Il est essentiel de rendre plus efficace les grandes entreprises de l’État québécois à l’image des grandes entreprises privées qui constamment font cet effort puisque c’est toujours une source de meilleure productivité et de réduction de dépenses.
Éliminer certaines administrations régionales, dont j’en suis, comme celles
de la santé entre le ministère et les administrés et certains conseils d’agglomération de villes, coûteux et inutiles, comme celui de Ste-Marguerite – Estérel. Par contre plusieurs sont fort importantes et méritent de continuer. Les municipalités régionales (MRC) en sont. Mais on doit revoir plusieurs de leurs postes de dépenses qui sont excessifs.
Augmenter la TVQ, oui, mais en dernier ressort à condition d’exempter les produits nécessaires aux familles comme les vêtements d’enfants, la nourriture, les livres scolaires, etc…
Éliminer le Fonds des générations, non ! Il assure la justice intergénérationnelle réclamée par les jeunes.
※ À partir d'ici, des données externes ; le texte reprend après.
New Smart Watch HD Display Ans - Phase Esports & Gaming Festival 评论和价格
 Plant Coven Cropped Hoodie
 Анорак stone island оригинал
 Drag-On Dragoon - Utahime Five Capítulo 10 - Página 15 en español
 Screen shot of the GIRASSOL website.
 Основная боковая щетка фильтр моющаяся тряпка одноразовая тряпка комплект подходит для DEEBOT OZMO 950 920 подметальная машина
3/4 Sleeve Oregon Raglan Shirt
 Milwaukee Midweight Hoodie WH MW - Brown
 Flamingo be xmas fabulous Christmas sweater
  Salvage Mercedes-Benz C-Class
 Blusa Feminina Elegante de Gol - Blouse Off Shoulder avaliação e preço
De plus, augmenter les impôts pour payer la dette n’est pas justifiable car une grande partie de l’endettement public est pour la réalisation d’infrastructures qui serviront aux générations de demain.
Quant à la fiscalité pour les individus et les entreprises, il faut comprendre que nous ne vivons pas isolés de tout le monde. Nous nous devons d’être compétitifs. Les conditions de travail, les rémunérations, les impôts doivent être en sorte que les travailleurs et les entreprises restent chez nous et ne cherchent pas à œuvrer ailleurs. Pour avoir les meilleurs, il faut les attirer, les garder. Il faut aider ceux qui créent, qui osent et qui savent produire car ils sont générateurs d’emplois et de revenus. C’est ainsi que les travailleurs obtiendront les meilleurs salaires. Par contre, l’élimination des paradis fiscaux est essentielle pour atteindre une justice fiscale.
À ce moment de notre économie, il est important que nous comprenions bien les enjeux. Ainsi, notre gouvernement sera plus à l’aise pour prendre les meilleures décisions possibles.